If scholars are upset by the upcoming offering, Raphael Chatroux, a Freeman’s specialist, says that staff members “certainly understand the uniqueness of this situation and therefore proceed with the most caution and sensitivity so as not to upset anyone.” Freeman’s hopes “for institutional interest” in the sculpture, which is expected to fetch between $250,000 and $400,000. The sculpture was “uninsured and not even secured to the base” in Middleburg, he said.
He remarked on the removal of other significant grave site sculptures in recent years for safekeeping.
While this may be true, experts say that when major cemetery artworks are removed for their own safety, they typically end up in non-profit public spaces rather than being sold at an auction. The Flint Institute of Arts in Michigan has acquired a Louis Comfort Tiffany studio-made window depicting a grapevine-laced colonnade from a nearby cemetery that had been vandalised and stolen. After drawing throngs of tourists to Savannah’s Bonaventure Cemetery, “Bird Girl” by Sylvia Shaw Judson has been relocated to the Telfair Academy.

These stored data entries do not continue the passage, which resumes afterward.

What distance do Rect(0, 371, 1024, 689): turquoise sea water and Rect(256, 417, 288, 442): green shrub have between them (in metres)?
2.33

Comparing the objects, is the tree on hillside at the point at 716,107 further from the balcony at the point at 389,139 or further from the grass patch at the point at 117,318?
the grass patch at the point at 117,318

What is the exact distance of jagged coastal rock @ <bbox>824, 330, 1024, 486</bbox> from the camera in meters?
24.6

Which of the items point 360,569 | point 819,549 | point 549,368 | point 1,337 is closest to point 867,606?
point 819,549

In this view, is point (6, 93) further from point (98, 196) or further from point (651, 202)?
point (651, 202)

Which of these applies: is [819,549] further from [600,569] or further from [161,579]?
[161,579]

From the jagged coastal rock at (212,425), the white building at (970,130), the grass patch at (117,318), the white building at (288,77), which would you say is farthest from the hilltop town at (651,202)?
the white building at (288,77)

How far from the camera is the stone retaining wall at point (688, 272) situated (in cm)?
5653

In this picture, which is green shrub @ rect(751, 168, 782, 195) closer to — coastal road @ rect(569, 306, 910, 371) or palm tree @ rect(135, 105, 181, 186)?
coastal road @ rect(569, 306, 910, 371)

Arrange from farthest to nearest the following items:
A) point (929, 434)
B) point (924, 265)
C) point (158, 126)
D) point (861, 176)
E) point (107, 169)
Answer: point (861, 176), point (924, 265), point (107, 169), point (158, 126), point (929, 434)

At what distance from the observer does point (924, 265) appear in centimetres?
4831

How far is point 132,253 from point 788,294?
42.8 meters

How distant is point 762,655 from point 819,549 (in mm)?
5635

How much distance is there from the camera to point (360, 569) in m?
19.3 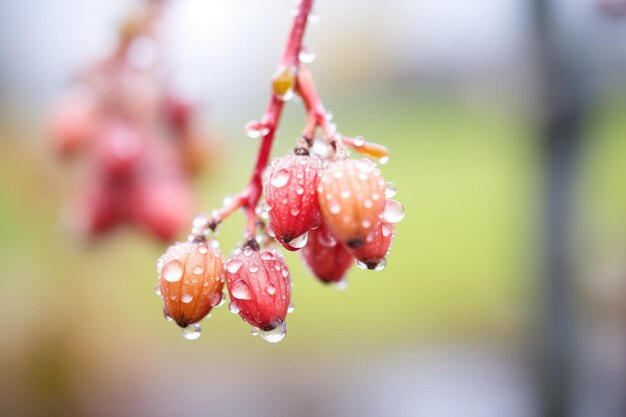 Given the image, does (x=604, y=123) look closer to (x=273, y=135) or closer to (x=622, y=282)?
(x=622, y=282)

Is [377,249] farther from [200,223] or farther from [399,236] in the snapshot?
[399,236]

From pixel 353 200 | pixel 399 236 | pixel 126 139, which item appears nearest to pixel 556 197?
pixel 126 139

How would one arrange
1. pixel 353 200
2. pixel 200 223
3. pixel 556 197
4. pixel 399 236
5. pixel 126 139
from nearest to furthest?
pixel 353 200
pixel 200 223
pixel 126 139
pixel 556 197
pixel 399 236

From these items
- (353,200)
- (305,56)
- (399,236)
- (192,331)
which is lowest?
(192,331)

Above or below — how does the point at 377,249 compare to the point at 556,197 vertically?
below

It’s not clear if graveyard vandalism and theft are increasing in the United States. Damage and loss can go unnoticed for years in cemetery’s remote corners because no official statistics are kept. According to Dr. Sharon Flescher, executive director of the International Foundation for Art Research, “it is an old and persistent problem.” Art Recovery International CEO Christopher A. Marinello quoted an ancient Roman gravestone warning: “Anyone who defecates on, or violates, this tomb will be cursed with blindness,” he explained.
Even if the Merrill descendants had foresight to protect the Rodin depictions of a mother and a doomed teen from theft, or worse, in the Virginia countryside, the optics of the dismantling for sale are unflattering at the very least. Michael Trinkley, a cemetery preservation expert in South Carolina, said, “It does look very, very bad.”